DIRECTIONS.
Print out every line of the material exactly. Include no pictures.

DATA SHOWN.
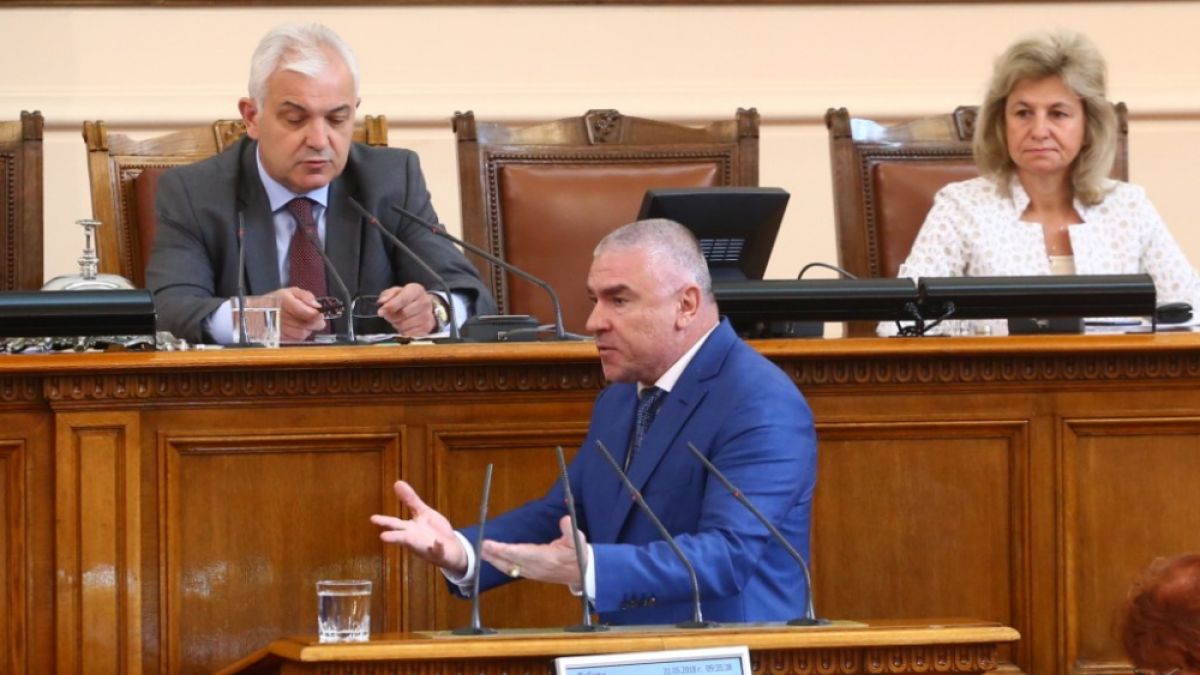 Марешки пак се разпени и нападна Каракачанов 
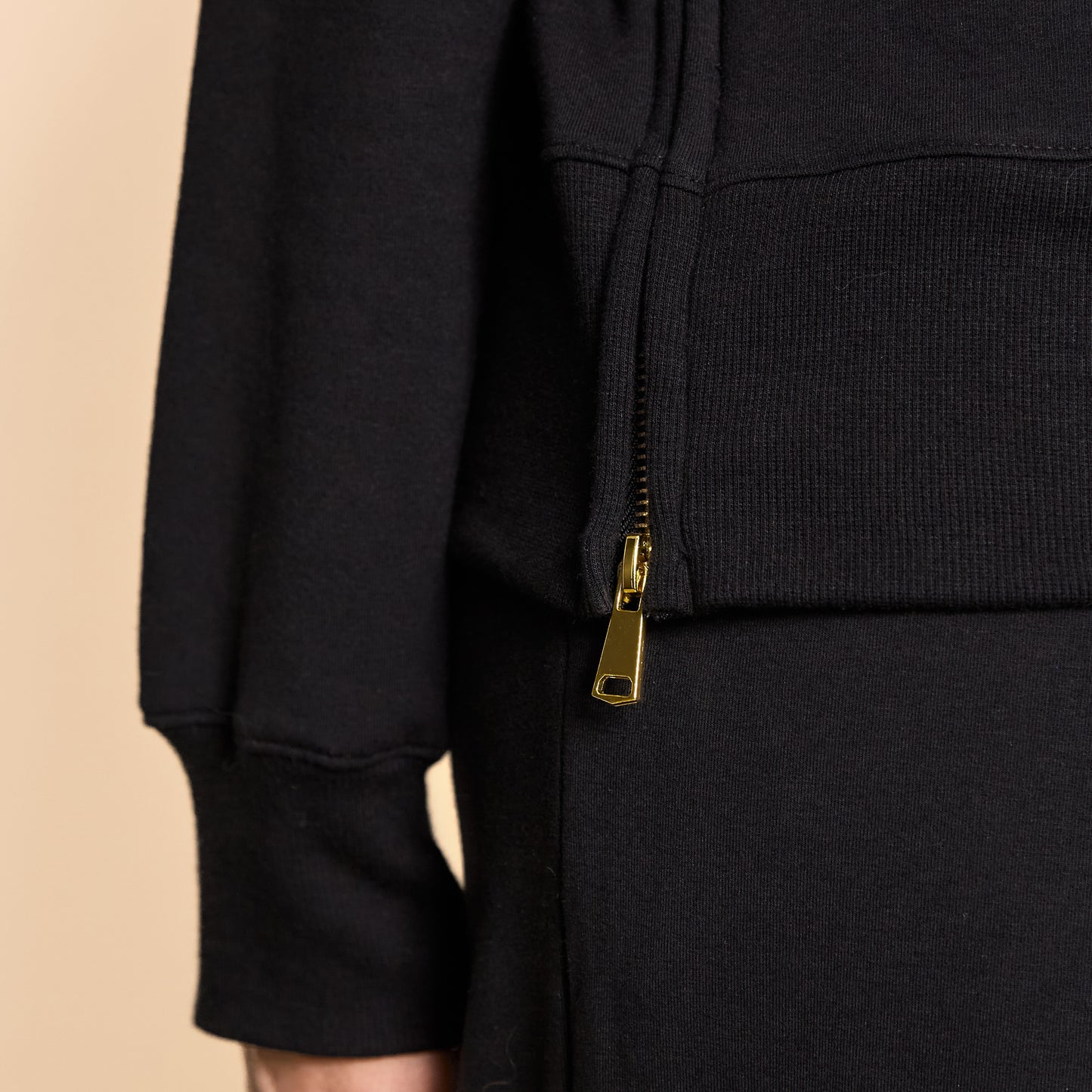 Be Love Lux Crewneck Sweatshirt - Black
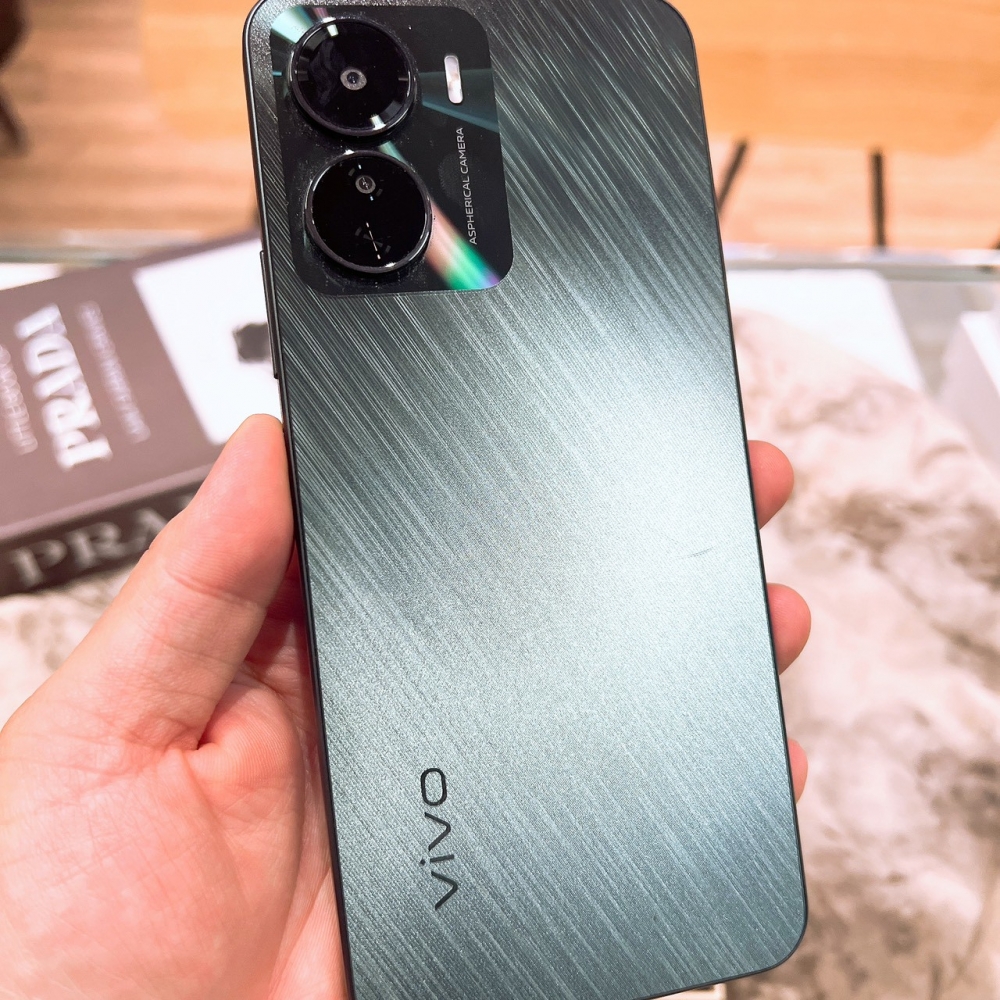 二手VIVO Y16 4+64G 黑*95423(店保7天)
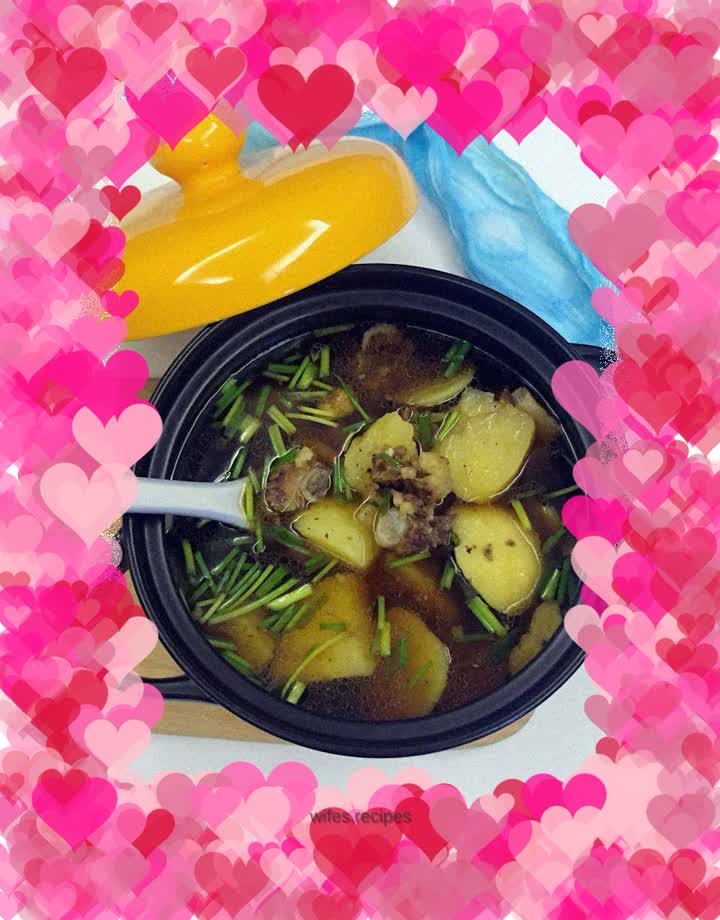 Steak stewed with potatoes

OUTPUT BELOW.
 Марешки пак се разпени и нападна Каракачанов 
 Be Love Lux Crewneck Sweatshirt - Black
 二手VIVO Y16 4+64G 黑*95423(店保7天)
 Steak stewed with potatoes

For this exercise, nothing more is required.